(Stored data entries)
........
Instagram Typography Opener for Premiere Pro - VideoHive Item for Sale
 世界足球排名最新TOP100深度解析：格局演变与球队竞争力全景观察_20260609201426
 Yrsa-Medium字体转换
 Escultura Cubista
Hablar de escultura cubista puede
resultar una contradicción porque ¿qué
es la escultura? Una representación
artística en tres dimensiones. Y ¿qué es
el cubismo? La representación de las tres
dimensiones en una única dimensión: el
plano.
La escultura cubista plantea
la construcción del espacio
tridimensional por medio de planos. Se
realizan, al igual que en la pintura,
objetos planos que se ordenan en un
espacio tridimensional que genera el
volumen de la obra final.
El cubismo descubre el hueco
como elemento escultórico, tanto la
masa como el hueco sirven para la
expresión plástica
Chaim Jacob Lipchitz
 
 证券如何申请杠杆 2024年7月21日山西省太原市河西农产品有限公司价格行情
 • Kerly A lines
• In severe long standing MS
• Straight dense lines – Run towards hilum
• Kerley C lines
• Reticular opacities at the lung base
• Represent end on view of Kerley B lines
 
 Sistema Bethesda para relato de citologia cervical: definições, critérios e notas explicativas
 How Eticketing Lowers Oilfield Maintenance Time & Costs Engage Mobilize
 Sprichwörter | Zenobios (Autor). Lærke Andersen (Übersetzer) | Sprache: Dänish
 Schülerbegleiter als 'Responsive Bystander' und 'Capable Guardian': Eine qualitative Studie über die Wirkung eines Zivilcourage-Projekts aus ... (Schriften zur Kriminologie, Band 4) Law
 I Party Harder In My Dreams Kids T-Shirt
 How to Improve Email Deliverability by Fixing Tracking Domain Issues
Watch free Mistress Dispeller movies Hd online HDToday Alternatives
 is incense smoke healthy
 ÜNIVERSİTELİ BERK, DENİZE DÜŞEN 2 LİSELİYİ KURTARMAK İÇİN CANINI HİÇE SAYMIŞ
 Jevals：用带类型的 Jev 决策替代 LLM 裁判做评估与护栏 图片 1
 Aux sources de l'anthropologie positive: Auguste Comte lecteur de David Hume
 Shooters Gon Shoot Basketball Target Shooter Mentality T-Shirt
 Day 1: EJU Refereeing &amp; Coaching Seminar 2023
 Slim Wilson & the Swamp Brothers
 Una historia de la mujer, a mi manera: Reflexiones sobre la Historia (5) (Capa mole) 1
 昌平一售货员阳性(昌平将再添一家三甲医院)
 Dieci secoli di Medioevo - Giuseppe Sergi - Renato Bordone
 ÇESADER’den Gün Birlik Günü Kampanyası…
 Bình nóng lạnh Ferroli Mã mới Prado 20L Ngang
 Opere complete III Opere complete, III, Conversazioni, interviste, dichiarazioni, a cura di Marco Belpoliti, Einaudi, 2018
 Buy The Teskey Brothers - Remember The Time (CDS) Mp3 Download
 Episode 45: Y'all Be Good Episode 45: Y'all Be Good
........
Your objective: Your task is to restate, word for word, only those lines above that fall between the line holding "Kerley B lines" and the line holding "Buy The Teskey", inclusive.

Exercise answer:
• Represent end on view of Kerley B lines
 
 Sistema Bethesda para relato de citologia cervical: definições, critérios e notas explicativas
 How Eticketing Lowers Oilfield Maintenance Time & Costs Engage Mobilize
 Sprichwörter | Zenobios (Autor). Lærke Andersen (Übersetzer) | Sprache: Dänish
 Schülerbegleiter als 'Responsive Bystander' und 'Capable Guardian': Eine qualitative Studie über die Wirkung eines Zivilcourage-Projekts aus ... (Schriften zur Kriminologie, Band 4) Law
 I Party Harder In My Dreams Kids T-Shirt
 How to Improve Email Deliverability by Fixing Tracking Domain Issues
Watch free Mistress Dispeller movies Hd online HDToday Alternatives
 is incense smoke healthy
 ÜNIVERSİTELİ BERK, DENİZE DÜŞEN 2 LİSELİYİ KURTARMAK İÇİN CANINI HİÇE SAYMIŞ
 Jevals：用带类型的 Jev 决策替代 LLM 裁判做评估与护栏 图片 1
 Aux sources de l'anthropologie positive: Auguste Comte lecteur de David Hume
 Shooters Gon Shoot Basketball Target Shooter Mentality T-Shirt
 Day 1: EJU Refereeing &amp; Coaching Seminar 2023
 Slim Wilson & the Swamp Brothers
 Una historia de la mujer, a mi manera: Reflexiones sobre la Historia (5) (Capa mole) 1
 昌平一售货员阳性(昌平将再添一家三甲医院)
 Dieci secoli di Medioevo - Giuseppe Sergi - Renato Bordone
 ÇESADER’den Gün Birlik Günü Kampanyası…
 Bình nóng lạnh Ferroli Mã mới Prado 20L Ngang
 Opere complete III Opere complete, III, Conversazioni, interviste, dichiarazioni, a cura di Marco Belpoliti, Einaudi, 2018
 Buy The Teskey Brothers - Remember The Time (CDS) Mp3 Download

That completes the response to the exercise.